350A collection in the church Slavonic tongue, Love of Good, or Words and Chapters of Sacred Sobriety, collected from the writings of the Saints and God-inspired fathers. In his library, Tolstoi had a volume of Love of Good with a great many notes in the margin made in his own hand.
351With I. I. Gorbunov, who came for a short time to Ovsiannikovo to his brother, who lived there at this time, the actor N. I. Gorbunov. At this meeting, Tolstoi said to I. I. Gorbunov that it was the gentlemanly state of his life that had become more agonising to him, that he was “ashamed to look in the eyes of his lackeys” and that he wanted to go away. He said among other things that he was thinking of going away with I. I. Gorbunov to Kaluga (where Gorbunov lived at that time) – and further than that, he still had another plan … perhaps it was the plan about which Tolstoi had written a little while before to Järnefelt. (See .)
352Tolstoi’s brother, Count Serge Nicholaievich.

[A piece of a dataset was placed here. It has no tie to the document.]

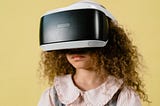 a young girl with curly hair wearing a VR headset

353Tolstoi’s sister, Countess M. N. Tolstoi.
354The English authorities of the Island of Cyprus asked a money guarantee of about two hundred and fifty roubles for each man from the Dukhobors emigrating there, so that in case of need they would not have to be supported at the government expense. At that time it became known, that in Russia several influential governmental persons had begun to zealously urge the government to send the Dukhobors to Manchuria for the Russification of those Chinese borders adjacent to Russia. It was necessary to hurry with the emigration of the Dukhobors; the English Quakers pulled them out of their helpless position, who first of all persuaded the English Government to decrease the guarantee from two hundred and fifty roubles to one hundred and fifty for each man, and afterwards in several days, collected among themselves a guarantee of one hundred thousand roubles, which, together with the fifty thousand roubles which were contributed at that time by various people, made up the necessary sum for giving the guarantee for the whole party of Dukhobors. In his letter to the Dukhobors of August 27, 1898, Tolstoi ended thus: “May God help you to accomplish His will with Christian manhood, patience and faithfulness, in establishing this change in your life.”

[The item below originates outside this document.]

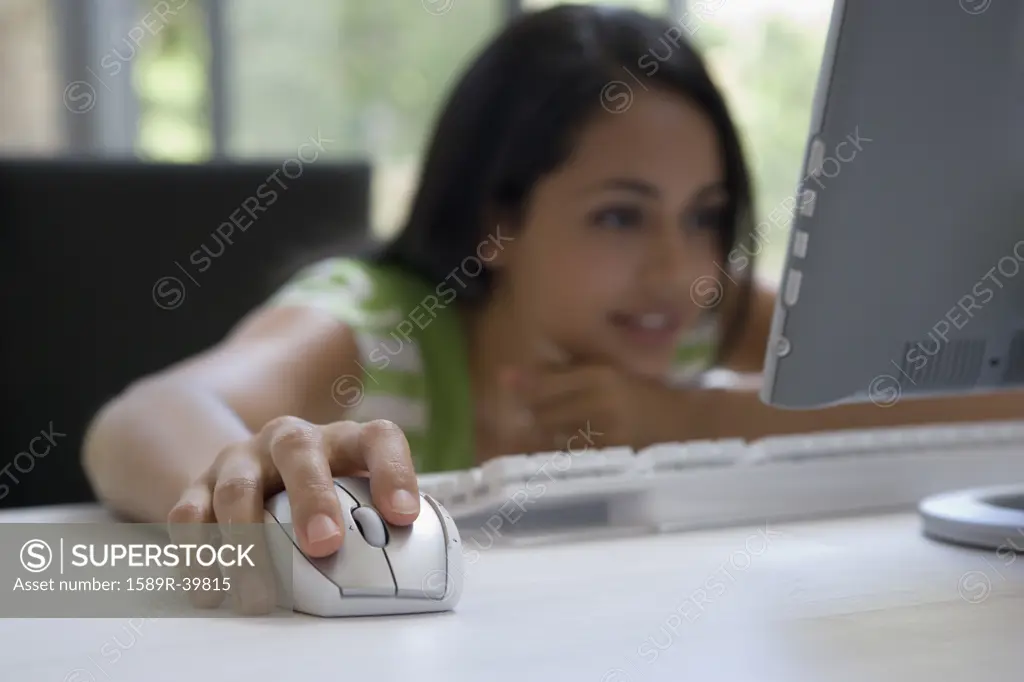 Young woman looking at looking at computer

355M. N. Rostovtzev, the daughter of Madame M. D. Rostovtzev, a land-lady of Voronezh, and a follower of Tolstoi, on coming from the Chertkovs, was arrested on the border because, at the custom examination some pieces of proof of a forbidden book were found on her. She was soon freed.

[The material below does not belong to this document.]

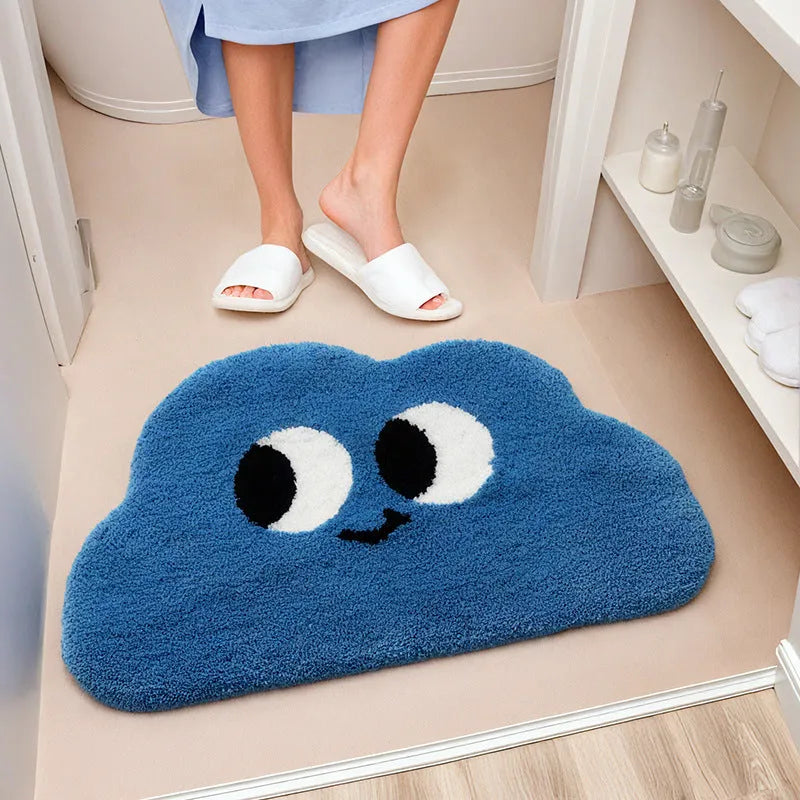 Big eye clouds cartoon patterned bathroom mat in soft green on a bathroom floor.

356The interruption in receiving letters from V. G. Chertkov was caused by the secret police looking through them. Therefore Chertkov was forced to carry on a part of this far-distant correspondence through a circuitous address. In the letter to him at the end of August, 1898, Tolstoi, informing Chertkov that one of his letters was kept back a month, wrote: “Yesterday I received your letter of August 5th. It is terribly vexing, this interference with our communications which now have become so specially important. And what is it for?”
357See .
358L. A. Sullerzhitsky went to the Caucasus to help the Dukhobors arrange for their emigration abroad. The first group of Dukhobors, to the number of 1,126 persons, who had suffered the most from exile, hunger and illness, left on the 6th of August, 1898, for the Island of Cyprus while other lands be found and sufficient money collected for the transportation of those remaining to a more suitable place. At the request of Tolstoi, L. A. Sullerzhitsky later accompanied a group of Dukhobors to Canada. He wrote a book about this journey, In America With the Dukhobors, issued by Posrednik, Moscow, 1905.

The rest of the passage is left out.